Contrasting Burgundian pinot noir with its cousin from California is akin to matching a billiards professional against a pool shark. The tools of the trade and the thought process is the same in both spheres is the same, but the way around the table is completely different.
That’s not a bad analogy. Making wine is making wine. Using a cue to punt an ivory ball is just that; calculate the angle, figure out where you want the shot to end, and execute. In the wine business, the goal is sales, pushed along by popularity and reputation, so winemaking cannot help but be influenced by those considerations.
This glass reflects much about where it’s made (Los Gatos) and the provenance of the fruit (Santa Lucia Highlands). Let’s think about this. The closest market is Silicon Valley. Who lives there? Right: Rich people used to achievement. Powerful people.
Which might explain the rich, powerful nature of this glass. Straight up, the nose is enticing, enveloping and altogether involving. There’s no doubt about the grape type, nor what the winemaking sought what to achieve. In the mouth, it’s a plain delight in the fruity, loud, indulgent way of Californian wine.

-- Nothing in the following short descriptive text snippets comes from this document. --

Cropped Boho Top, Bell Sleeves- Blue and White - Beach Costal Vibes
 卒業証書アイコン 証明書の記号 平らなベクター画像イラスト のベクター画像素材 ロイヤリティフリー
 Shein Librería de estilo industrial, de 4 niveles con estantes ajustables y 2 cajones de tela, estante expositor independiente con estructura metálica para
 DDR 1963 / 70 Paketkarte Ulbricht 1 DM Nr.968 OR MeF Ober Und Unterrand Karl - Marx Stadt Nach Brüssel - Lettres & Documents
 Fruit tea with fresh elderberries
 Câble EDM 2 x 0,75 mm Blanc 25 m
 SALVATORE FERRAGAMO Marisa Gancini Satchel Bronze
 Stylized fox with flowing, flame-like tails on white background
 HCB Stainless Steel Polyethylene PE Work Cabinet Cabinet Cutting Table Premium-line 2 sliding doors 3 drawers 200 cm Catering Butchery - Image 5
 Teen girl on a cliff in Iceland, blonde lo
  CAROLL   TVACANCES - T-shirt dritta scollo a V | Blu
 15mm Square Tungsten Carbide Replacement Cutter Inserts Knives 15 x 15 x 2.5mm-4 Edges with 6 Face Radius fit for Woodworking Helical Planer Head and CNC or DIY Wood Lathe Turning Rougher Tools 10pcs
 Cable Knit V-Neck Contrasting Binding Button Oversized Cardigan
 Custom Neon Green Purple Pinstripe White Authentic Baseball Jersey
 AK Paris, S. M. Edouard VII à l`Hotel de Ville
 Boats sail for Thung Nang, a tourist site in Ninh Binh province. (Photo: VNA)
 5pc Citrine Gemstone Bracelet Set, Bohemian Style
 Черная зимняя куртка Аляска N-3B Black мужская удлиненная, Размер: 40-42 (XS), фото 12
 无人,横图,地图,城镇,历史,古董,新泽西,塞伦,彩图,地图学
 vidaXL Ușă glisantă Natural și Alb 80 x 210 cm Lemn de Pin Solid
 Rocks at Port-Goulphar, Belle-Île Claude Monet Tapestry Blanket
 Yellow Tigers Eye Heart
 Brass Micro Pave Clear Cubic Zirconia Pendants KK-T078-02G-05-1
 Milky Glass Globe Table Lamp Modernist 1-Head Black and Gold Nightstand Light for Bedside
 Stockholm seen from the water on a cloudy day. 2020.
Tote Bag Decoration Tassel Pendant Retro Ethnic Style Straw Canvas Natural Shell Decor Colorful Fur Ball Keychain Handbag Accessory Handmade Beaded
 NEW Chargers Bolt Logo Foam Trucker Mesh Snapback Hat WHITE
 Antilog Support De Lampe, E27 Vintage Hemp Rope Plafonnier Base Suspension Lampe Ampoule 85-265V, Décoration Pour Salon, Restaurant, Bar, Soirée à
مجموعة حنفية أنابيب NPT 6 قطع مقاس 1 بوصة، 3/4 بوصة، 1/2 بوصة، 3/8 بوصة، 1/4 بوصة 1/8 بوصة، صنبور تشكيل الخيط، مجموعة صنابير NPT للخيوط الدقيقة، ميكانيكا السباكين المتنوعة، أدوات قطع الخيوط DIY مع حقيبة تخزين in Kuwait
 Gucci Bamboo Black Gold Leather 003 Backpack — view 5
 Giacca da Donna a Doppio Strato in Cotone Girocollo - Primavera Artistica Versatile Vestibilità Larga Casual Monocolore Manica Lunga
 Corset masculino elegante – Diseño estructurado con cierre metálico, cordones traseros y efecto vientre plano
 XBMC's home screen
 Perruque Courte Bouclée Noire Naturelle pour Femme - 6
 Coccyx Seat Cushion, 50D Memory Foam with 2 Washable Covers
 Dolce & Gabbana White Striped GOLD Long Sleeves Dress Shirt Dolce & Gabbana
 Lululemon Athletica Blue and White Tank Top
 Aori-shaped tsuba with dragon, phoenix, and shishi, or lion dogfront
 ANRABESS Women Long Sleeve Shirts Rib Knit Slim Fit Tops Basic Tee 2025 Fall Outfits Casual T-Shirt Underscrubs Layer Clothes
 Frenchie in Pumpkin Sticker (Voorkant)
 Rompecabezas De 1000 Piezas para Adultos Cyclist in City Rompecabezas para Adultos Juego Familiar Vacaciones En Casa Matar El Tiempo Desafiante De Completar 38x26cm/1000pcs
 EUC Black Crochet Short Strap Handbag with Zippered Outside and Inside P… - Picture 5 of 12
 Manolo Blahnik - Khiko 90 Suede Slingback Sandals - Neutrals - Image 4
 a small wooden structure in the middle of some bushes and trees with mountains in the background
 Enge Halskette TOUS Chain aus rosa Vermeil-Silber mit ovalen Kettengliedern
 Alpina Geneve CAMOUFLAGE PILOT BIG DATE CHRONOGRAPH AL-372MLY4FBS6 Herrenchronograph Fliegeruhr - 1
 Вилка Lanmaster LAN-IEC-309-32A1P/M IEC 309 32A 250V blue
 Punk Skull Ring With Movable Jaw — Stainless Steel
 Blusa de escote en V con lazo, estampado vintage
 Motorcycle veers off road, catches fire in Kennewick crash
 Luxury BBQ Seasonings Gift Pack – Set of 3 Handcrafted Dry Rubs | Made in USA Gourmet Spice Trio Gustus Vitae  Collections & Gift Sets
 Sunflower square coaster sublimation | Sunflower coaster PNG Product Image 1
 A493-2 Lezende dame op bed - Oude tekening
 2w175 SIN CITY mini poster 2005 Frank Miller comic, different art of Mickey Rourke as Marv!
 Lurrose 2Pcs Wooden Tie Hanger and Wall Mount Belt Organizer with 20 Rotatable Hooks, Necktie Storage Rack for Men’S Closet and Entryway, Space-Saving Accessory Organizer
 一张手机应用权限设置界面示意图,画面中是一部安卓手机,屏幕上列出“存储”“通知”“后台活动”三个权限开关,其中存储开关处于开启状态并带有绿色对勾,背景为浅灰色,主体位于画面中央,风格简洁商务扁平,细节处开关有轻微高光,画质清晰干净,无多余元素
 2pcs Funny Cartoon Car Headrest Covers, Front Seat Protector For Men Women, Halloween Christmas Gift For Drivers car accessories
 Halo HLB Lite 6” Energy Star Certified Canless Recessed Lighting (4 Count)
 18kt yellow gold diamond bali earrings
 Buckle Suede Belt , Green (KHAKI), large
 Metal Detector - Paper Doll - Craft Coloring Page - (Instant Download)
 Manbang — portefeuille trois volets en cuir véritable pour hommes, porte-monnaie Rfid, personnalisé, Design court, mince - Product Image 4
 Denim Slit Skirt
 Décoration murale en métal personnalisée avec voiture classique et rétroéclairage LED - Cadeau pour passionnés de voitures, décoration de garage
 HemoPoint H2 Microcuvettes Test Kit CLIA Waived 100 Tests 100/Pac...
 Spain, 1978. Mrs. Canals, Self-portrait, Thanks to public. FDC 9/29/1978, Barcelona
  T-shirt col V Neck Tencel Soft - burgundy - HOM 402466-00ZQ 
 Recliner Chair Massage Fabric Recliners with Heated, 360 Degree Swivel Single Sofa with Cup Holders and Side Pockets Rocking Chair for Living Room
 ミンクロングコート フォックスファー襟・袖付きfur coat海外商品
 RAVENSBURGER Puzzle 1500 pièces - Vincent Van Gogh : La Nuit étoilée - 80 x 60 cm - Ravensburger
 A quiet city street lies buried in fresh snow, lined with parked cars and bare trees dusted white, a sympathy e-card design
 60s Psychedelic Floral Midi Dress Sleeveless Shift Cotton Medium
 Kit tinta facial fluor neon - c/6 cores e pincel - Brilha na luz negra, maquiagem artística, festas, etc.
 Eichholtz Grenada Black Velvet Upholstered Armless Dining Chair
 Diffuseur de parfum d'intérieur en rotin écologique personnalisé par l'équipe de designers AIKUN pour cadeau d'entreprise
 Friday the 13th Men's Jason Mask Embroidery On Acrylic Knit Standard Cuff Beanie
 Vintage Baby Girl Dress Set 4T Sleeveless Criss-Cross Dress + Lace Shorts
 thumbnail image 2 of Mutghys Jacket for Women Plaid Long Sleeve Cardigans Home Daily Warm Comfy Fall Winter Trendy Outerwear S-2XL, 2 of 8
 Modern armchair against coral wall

“Dark red color. Dense aromas of orange zest, cherry, strawberry, nutmeg, vanilla bean, along with notes of boysenberry, anise and pomegranate catch your attention right away. This pleasure-filled aroma profile only gets better and enjoyable on the palate. With zesty acidity and full tannins, this Pinot Noir over-delivers, especially on the fresh, bright, and hedonistic finish. Enjoy now through 2025.” ~Director of Winemaking, Bill Brosseau
Yep, pretty right, from the chief pool shark’s mouth. Put up your money and enjoy the game.